I'm confused because I have a OnePlus Pad 3 and a Fairphone 5, both running e/OS/. But for whatever reason when I connect them to my speakers over bluetooth, both using regular old SBC and volume set to 100% on device (without adjusting speaker volume) somehow the sound from my Pad 3 sounds darker and contains more bass, while my Fairphone sounds brighter and less bassy.

Like wtf, I always assumed that unless your Android ROM tries to do some crappy Dolby or Virtual "Surround" shenanigans it'd just take the same bits of PCM, compress them to SBC and ship them out over bluetooth. Why does it sound different???
At first I thought I was going mad and this had to be some weird placebo-ish thing. But no. But when I leave the speakers are untouched and test both client devices with the same audio player (Finamp), same Android ROM, same Bluetooth codec and same audio file, for whatever reason they sound different. The only variable is the hardware, which shouldn't really matter when you never do a digital to analogue conversion.

Are there some real cursed hardware shenanigans going on here? Is there a difference in how the two SoCs compress bluetooth? Or is the audio -> SBC conversion done by some proprietary firmware blob and one of them contains some fucked hard-coded EQ?

I feel like I'm going mad, taking a lossless audio file, then playing it with the same app, and compressing it to the same codec using the same UI and shipping it off over the same wireless protocol should in theory yield the same result, no? Everything is (supposedly) happening digitally in software.
@ignaloidas no i know that, but my speakers don't have fancy bluetooth, it only does SBC (the baseline required by the spec), it doesn't even do AAC.

Also
>4 different protocols

you poor innocent child.
I know of at least 8:
- SBC
- AAC
- LDAC
- aptX
- ̶a̶p̶t̶X̶ ̶L̶L̶ (Low-Latency)
- ̶a̶p̶t̶X̶ ̶H̶D̶
- aptX Adaptive
- aptX Lossless

aptX Adaptive deprecated LL and HD (it's essentially aptX HD which automatically does LL if supported by the receiver, Adaptive is backwards compatible with HD receivers)

@quad@akko.quad.moe there's a reason why I said "like" (tho didn't know there were 5 different aptX ones lol)

weird that even with the speakers being able to only run with a single protocol, it's still different, I'd guess somebody put some sort of filter in the android audio chain for phone speakers, yet it still gets applied for external audio as well

@ignaloidas Oh well, I guess I didn't notice the "like" well enough.

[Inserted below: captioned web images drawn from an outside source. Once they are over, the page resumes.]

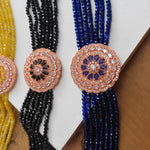 Rosegold cz choker necklace set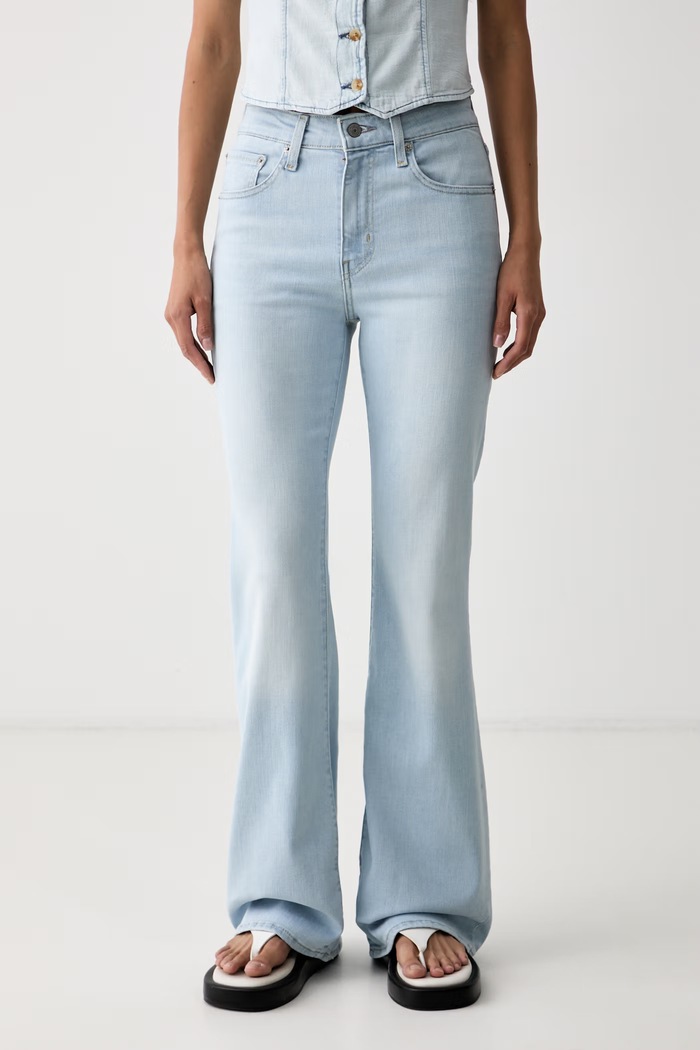 Levi's дънки flare дамски 726 HR FLARE син A3410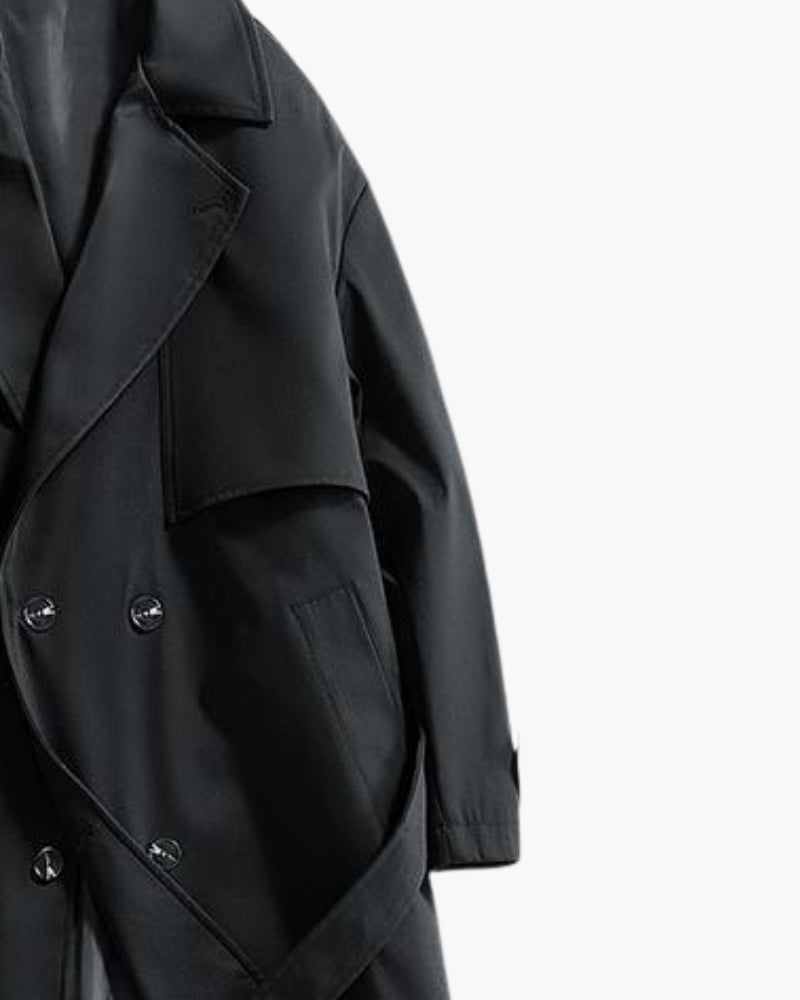Classic Double-Breasted Trench Coat - Brooksfor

Also while googling around for details about Android and Bluetooth Profiles I found out there are three more codecs I personally didn't know about either:

- SSC (Samsung Scalable Codec, apparently only used between Samsung phones and their earbuds???)
- LHDC (Basically LDAC but someone decided to reinvent it, it seems)
- LC3 (Lower complexity codec intended for BLE devices. Probably intended for stuff like transmitting microphone input from a TV remote to TVs with a voice assistant or similar)

The filter thing seems like a reasonable guess.